The move comes at a time the region has seen a spurt in illegal mining, indiscriminate tree felling and rising incidents of man-animal conflict. The proposal for more home guards for better surveillance of the Aravalli forest is especially significant as the tree cover in the region has shrunk to an alarming 3.4% according to data released by the forest department. The need of the hour, said forest officials, is to protect the wildlife and ensure better surveillance of the area.
“In the six districts of south Haryana — Gurgaon, Mewat,Faridabad, Rewadi and Mahendergarh — here are 60 check posts surrounding the Aravalli forest. In Gurgaon, there are 12 check posts, with each needing three home guards. Each home guard has to pull an 8-hour shift,” MD Sinha, conservator of forest, south Haryana, said.
The forest department is expected to get a reply to the proposal from the DG, Home Guard by Monday. The primary objective behind the proposal is to ensure better monitoring of the protected forest area and preserve the green cover, the forest officials said.
The officials said the Aravalli region needs better surveillance in the light of rising tree felling incidents and encroachment of forest land.
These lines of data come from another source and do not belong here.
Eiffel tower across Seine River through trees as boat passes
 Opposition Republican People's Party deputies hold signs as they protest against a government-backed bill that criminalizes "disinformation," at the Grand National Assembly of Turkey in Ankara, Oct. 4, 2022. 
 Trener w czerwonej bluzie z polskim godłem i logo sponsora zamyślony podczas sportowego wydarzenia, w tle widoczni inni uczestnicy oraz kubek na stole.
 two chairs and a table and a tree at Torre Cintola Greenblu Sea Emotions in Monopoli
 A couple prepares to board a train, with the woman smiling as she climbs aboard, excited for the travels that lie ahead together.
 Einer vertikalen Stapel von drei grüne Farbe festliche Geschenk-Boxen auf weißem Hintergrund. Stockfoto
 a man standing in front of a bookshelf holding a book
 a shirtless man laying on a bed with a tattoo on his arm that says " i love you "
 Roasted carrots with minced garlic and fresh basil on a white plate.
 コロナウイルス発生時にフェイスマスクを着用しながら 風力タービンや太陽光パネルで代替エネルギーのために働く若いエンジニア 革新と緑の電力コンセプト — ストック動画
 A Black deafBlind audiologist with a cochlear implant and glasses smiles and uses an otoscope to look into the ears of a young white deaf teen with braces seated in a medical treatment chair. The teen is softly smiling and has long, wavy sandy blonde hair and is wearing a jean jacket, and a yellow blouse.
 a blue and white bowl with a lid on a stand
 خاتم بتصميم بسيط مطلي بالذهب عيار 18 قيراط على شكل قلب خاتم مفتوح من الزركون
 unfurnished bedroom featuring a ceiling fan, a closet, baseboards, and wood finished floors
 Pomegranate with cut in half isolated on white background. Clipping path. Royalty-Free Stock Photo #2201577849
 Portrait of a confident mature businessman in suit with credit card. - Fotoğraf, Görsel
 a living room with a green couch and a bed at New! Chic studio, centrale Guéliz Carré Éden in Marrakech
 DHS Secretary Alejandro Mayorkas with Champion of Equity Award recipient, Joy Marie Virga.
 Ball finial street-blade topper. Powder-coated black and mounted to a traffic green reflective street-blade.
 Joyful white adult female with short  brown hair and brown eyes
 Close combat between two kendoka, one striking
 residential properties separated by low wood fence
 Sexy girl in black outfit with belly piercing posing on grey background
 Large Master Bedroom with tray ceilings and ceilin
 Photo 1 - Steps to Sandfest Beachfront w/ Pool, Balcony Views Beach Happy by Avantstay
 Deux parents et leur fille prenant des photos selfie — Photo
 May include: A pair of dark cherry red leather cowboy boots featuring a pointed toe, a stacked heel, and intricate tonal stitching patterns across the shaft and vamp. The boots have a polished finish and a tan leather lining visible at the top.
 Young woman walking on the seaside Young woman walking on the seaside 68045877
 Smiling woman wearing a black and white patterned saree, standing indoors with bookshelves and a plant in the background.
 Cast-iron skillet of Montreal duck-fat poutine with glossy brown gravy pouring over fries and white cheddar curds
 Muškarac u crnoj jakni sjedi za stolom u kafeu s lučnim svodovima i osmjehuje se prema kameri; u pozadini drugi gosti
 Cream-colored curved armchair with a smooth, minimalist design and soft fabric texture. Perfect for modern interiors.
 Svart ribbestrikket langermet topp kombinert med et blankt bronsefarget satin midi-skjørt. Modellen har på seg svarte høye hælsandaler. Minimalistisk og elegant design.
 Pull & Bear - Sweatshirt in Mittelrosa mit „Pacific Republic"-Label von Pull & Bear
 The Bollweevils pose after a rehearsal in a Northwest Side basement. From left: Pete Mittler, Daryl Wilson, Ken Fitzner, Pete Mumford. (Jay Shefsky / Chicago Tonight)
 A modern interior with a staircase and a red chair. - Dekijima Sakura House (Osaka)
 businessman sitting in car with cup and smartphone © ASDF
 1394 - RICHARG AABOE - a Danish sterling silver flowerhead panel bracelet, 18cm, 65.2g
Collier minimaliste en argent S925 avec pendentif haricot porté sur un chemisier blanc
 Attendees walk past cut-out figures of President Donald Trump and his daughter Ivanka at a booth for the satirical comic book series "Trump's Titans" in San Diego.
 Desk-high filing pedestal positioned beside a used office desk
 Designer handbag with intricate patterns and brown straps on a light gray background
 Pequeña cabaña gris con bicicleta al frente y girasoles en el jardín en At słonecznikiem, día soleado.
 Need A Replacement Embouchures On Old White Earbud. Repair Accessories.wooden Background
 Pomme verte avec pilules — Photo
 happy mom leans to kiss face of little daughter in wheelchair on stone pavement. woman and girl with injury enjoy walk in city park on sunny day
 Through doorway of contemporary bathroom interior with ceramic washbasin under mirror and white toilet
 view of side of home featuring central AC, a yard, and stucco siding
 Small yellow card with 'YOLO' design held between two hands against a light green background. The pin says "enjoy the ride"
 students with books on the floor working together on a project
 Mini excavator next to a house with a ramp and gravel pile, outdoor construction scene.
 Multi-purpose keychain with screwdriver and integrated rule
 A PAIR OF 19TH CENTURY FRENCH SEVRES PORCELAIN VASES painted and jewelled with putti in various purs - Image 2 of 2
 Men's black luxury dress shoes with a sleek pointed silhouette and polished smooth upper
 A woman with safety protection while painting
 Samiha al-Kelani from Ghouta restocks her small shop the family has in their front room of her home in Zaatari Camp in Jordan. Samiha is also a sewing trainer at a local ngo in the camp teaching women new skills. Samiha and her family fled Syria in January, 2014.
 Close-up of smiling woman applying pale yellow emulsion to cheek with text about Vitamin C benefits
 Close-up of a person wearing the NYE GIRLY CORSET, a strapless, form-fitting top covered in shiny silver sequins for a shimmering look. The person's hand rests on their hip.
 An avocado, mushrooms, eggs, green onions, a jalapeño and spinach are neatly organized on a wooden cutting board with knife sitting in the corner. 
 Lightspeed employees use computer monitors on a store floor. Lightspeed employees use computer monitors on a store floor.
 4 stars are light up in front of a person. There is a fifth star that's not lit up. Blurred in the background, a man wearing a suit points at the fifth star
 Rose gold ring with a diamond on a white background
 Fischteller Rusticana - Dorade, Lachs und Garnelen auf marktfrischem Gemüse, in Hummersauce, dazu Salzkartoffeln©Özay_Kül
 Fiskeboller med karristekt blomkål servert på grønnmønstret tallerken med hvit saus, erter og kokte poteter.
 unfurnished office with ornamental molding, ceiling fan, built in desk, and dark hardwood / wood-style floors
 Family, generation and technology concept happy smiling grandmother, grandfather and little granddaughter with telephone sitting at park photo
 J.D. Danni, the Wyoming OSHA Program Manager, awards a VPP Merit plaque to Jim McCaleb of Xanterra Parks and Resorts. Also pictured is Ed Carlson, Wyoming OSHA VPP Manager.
The home guards, said officials, would report the sighting of animals from time to time and the same would help in mapping the density of wildlife in the Aravalli forest. The home guards will also be trained in spreading awareness in nearby villages on the preservation of wildlife.
There are around 15 villages along the Bandhwari-Dumduma stretch and another 35 around the Mahendergarh range, which is a wildlife hotspot according to official data.
The Aravalli region extends to Rajasthan as well where illegal mining activities have been on the rise of late. The same has resulted in the shrinkage of the natural habitat and more incidents of animals straying into civilian areas, said Shyam Sunder Kaushik, divisional forest officer, wildlife, Gurgaon.
The animals native to the Aravallis include leopard, jungle cat, jackal, porcupine, fox, mongoose, small Indian civet, pangolin, hyena, nilgai, chital, sambar, barking deer, goral, wild boar, langur, rhesus, hare, chinkara and peafowl among others.